Sim, sem dúvida. Isso pode ser notado por meio da abordagem de temas relativos à comunidade LGBT através de veículos de massa (como em filmes e novelas, por exemplo) e a recepção que esses temas têm tido. Tanto a construção de personagens está deixando de ser caricata, agora abordando aspectos mais sérios e complexos; como também o público, hoje, chega a torcer por finais felizes entre casais homossexuais.

E tudo isso ocorre justamente por sairmos do armário, por nos assumirmos e mostrarmos publicamente, como acontece em eventos como a Parada. Estamos dizendo que somos cidadãos, que trabalhamos, amamos, dançamos, rimos, nos alegramos e também nos entristecemos, sentimos dor. Nós lutamos por uma vida melhor como qualquer outra pessoa que tem sonhos, que deseja viver mais plenamente.
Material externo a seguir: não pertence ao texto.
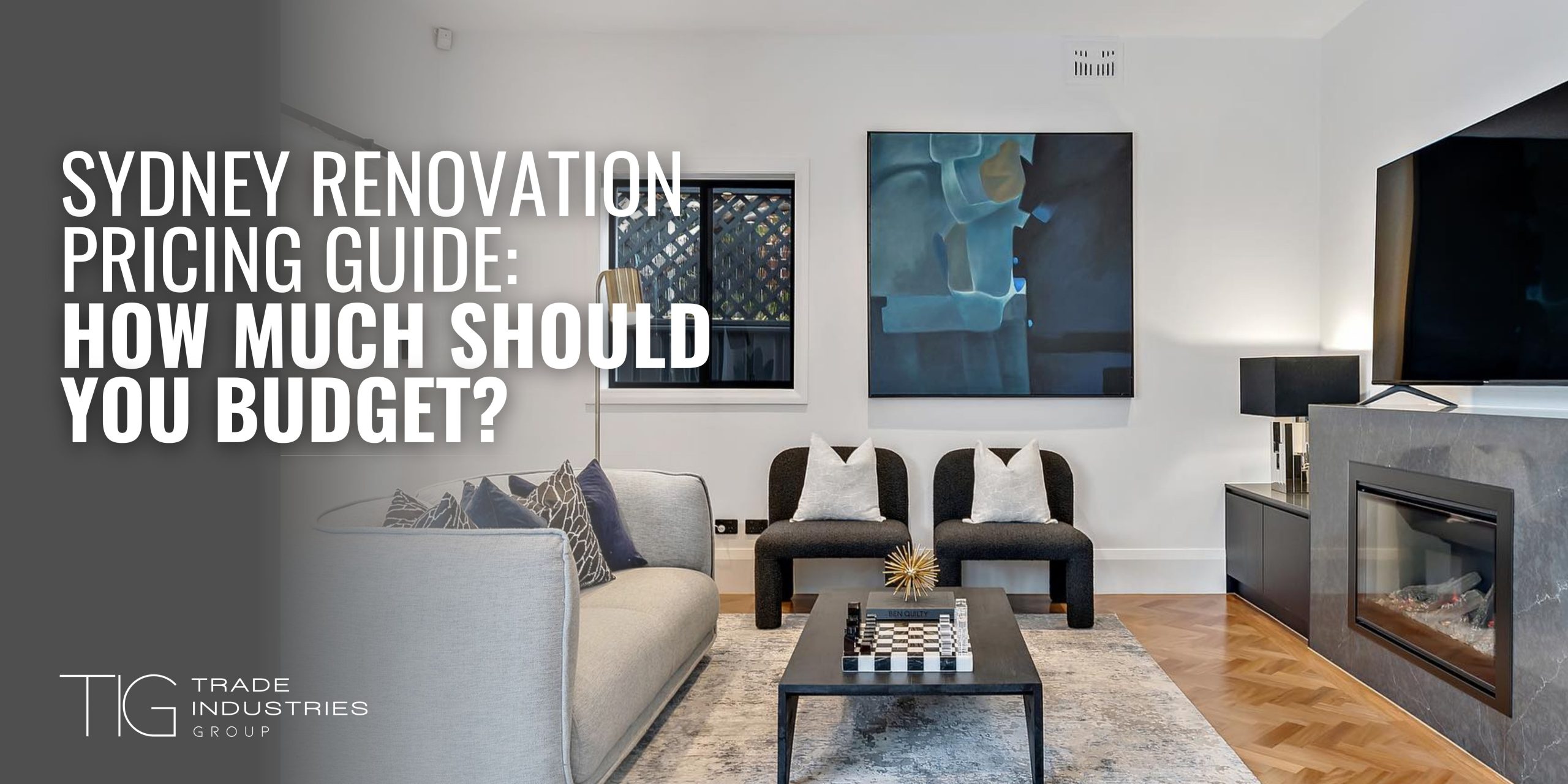 Sydney Renovation Pricing Guide How Much Should You Budget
Tomar posição pública em defesa da igualdade tem sido decisivo para termos mais respeito e maior aceitação em nossa sociedade frente à diversidade sexual. Bem como lutarmos por leis que reconheçam a nossa cidadania.

Na sua opinião, no último ano, qual foi o principal avanço dos direitos dos LGBT no Brasil?
Sem dúvida alguma, o maior avanço foi o Supremo Tribunal Federal ter, no dia 14 de maio de 2013, determinado que nenhum cartório poderia recusar a partir de então a realização de casamentos civis entre pessoas do mesmo sexo nem tampouco deixar de converter uniões estáveis em casamento, e o Conselho Nacional de Justiça garantir materialmente o casamento.

E os retrocessos?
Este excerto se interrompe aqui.